On the metrics side, we standardised on the StatsD format, but +1 on using Prometheus. We might want to use Prometheus directly from Node.JS (more involved) or simply use the StatsD exporter for Prometheus.

I don't have strong views on how to scale metrics and log collection. In any case, we have been doing this remotely for a while now (using standard formats like gelf for logs), so whether things are aggregated per pod or more centrally doesn't make a big difference to the services themselves.

I am a bit more concerned about performance and reliability implications of adding indirections in the data path itself. TLS is supported by all major platforms we use, so we should be able to avoid indirections for that. The main requirement to enable this is centralized certificate management, and exposing certs to services in a standardized manner, often via env vars.

On the metrics side, we standardised on the StatsD format, but +1 on using Prometheus. We might want to use Prometheus directly from Node.JS (more involved) or simply use the StatsD exporter for Prometheus.

+1 on statsd_exporter for existing services to ease the transition, note however that the statsd -> prometheus metrics translation can't be automatic, thus a mapping between the two will need to be maintained by the service as outlined here: https://github.com/prometheus/statsd_exporter#metric-mapping-and-configuration . Long term I think a prometheus client in the service will be more maintainable. Only slightly related to the discussion but http://swaggerstats.io/ might come handy too in certain cases.

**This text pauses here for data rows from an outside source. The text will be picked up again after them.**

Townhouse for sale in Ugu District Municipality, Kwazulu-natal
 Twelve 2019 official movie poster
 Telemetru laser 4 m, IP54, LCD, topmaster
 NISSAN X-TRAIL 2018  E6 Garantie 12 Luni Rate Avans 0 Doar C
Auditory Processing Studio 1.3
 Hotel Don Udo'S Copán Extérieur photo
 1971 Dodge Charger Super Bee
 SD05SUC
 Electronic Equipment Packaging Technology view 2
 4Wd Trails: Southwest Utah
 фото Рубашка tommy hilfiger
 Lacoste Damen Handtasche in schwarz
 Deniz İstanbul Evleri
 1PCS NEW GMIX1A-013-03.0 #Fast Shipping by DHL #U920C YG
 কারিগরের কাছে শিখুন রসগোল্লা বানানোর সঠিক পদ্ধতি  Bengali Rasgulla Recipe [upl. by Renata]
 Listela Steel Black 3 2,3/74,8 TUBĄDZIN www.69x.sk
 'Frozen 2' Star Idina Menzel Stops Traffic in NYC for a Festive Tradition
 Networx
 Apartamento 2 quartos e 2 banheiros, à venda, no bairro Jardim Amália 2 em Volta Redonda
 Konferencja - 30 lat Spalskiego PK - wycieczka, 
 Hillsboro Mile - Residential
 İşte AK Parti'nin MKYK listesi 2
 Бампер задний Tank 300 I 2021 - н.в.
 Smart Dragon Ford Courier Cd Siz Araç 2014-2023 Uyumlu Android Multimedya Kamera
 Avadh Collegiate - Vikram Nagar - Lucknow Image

I am a bit more concerned about performance and reliability implications of adding indirections in the data path itself. TLS is supported by all major platforms we use, so we should be able to avoid indirections for that. The main requirement to enable this is centralized certificate management, and exposing certs to services in a standardized manner, often via env vars.

Envoy (the component istio uses for proxying) has been built expressly with low latencies and reliability in mind. Advantages like automatic telemetry of every endpoint, auto-discovery of other services, automatic management/rotation of TLS credentials are more than a nice plus.

Add to this the fact we'd have one single, and modern, TLS stack to care about/tune instead of having the need to check settings for several different platforms, and I think this is a net gain.

If you want you can read more about Envoy here https://lyft.github.io/envoy/ and about its use in istio here: https://istio.io/docs/concepts/traffic-management/overview.html

Even if we decide not to go with a full blown adoption of istio, having a TLS terminator/telemetry collector like envoy still has value by standardizing the environment across languages/platforms

FTR +1. Let's take a good look at envoy

We've built the containers for logging and metrics reporting, and designed how to unclude them into the standard pod setup.

While I consider the part of this ticket relevant to the Ops Q1 goal solved, we still have parts that we need to work on, specifically:

  • A helm manifest template that includes these manifests in a standard pod for production and staging, and not in development
  • Envoy and/or istio, which are a huge separated topic.